WORKING AT RYANAIR AND THE FAI WAS JUST A WARM-UP...
Ireland’s Olympic chief has huge task sorting out Tokyo reboot
AS the world copes with a crisis unknown in living memory, there are some in positions of leadership who at least have the benefit of working through turbulence in the past.
No executive in any business has experience specific to these ravaging circumstances, but a grounding in extremely challenging environments is of at least some value in responding to the blizzard of issues confronting every facet of life.
Peter Sherrard should be fine-tuning preparations for Tokyo 2020 today.
For the chief executive of the Olympic Federation of Ireland, this week and the weeks thereafter, all the way up to July 24 and the long-planned start-date of the Games, should be a blur of detail and anticipation.
Instead, Sherrard must now lead a reset of all of those preparations. The granular details are bewildering: bookings and orders around training camps, hotel rooms, flights, apparel, and food and drink supplies must all be changed.
There were hopes of an Irish team numbering between 80 and 100, and all of those hopefuls, as well as those with more remote ambitions of becoming an Olympian, require engagement, as well as their federations and coaches.
The work-load is immense, and must be tackled – all with the realisation that the Olympics could be up to a year and a half still away. No date has been finalised for next year, with suggestions veering between spring and late summer.

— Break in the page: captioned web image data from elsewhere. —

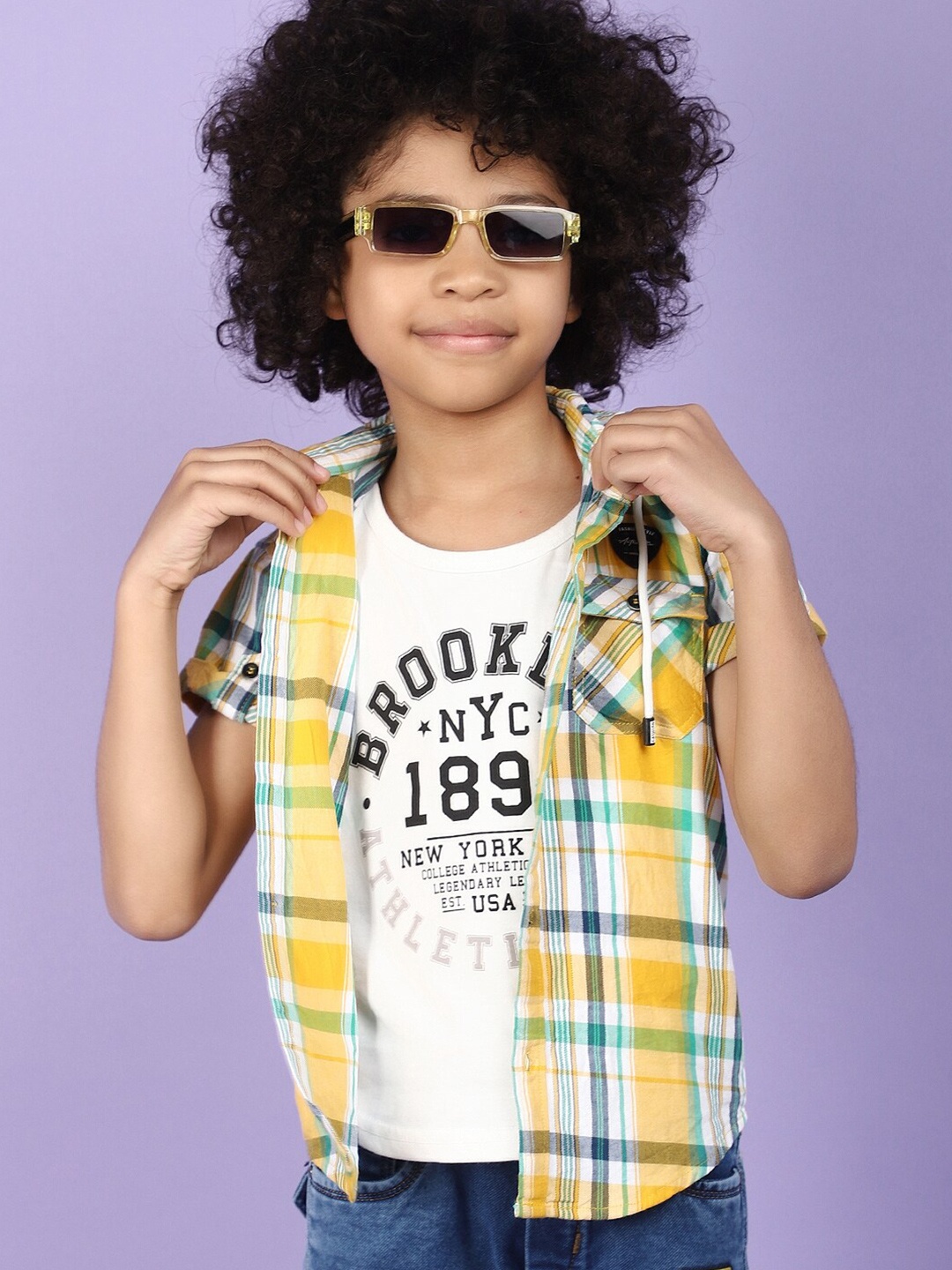 

V-Mart Boys Checked Hooded Twill Roll-Up Sleeves Cotton Casual Shirt, Yellow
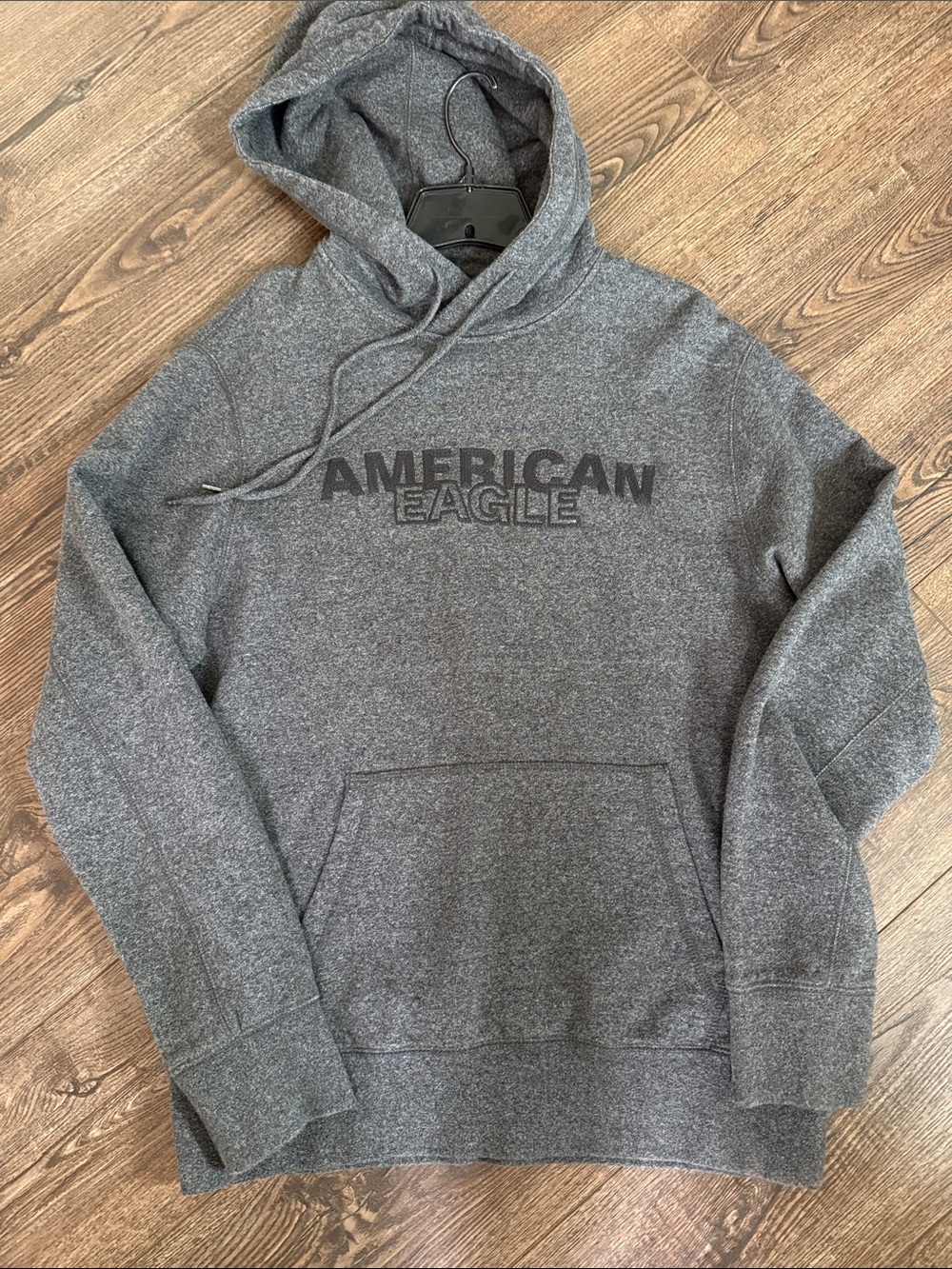 American Eagle Outfitters NWOT Dark Gray Pullover Hoodie Embroidered Logo M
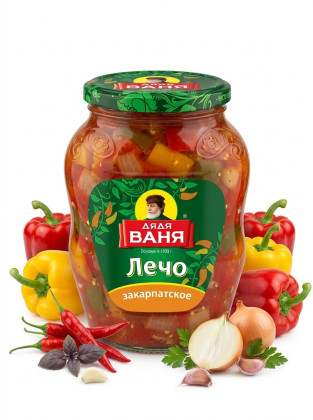 "ДЯДЯ ВАНЯ" Лечо натур. 460г. "Закарпатское" ст/б  *8шт.
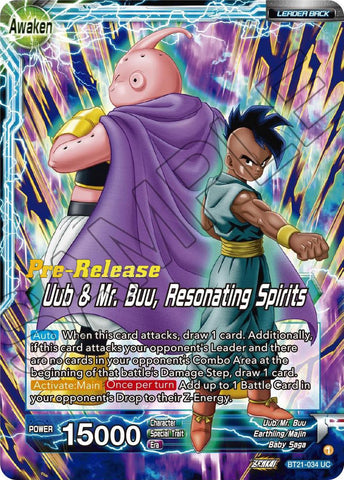 Uub // Uub & Mr. Buu, Resonating Spirits (BT21-034) [Wild Resurgence Pre-Release Cards]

Whenever they do take place, Sherrard and the OFI can call upon the efficiency, sound communication and transparency that have transformed the reputation of the Irish Olympic movement since the scandals of 2016.
And Peter Sherrard has his own personal business background to call upon – having worked in two of the most controversial organisations in Irish life, he knows something of what it is to work through difficulty.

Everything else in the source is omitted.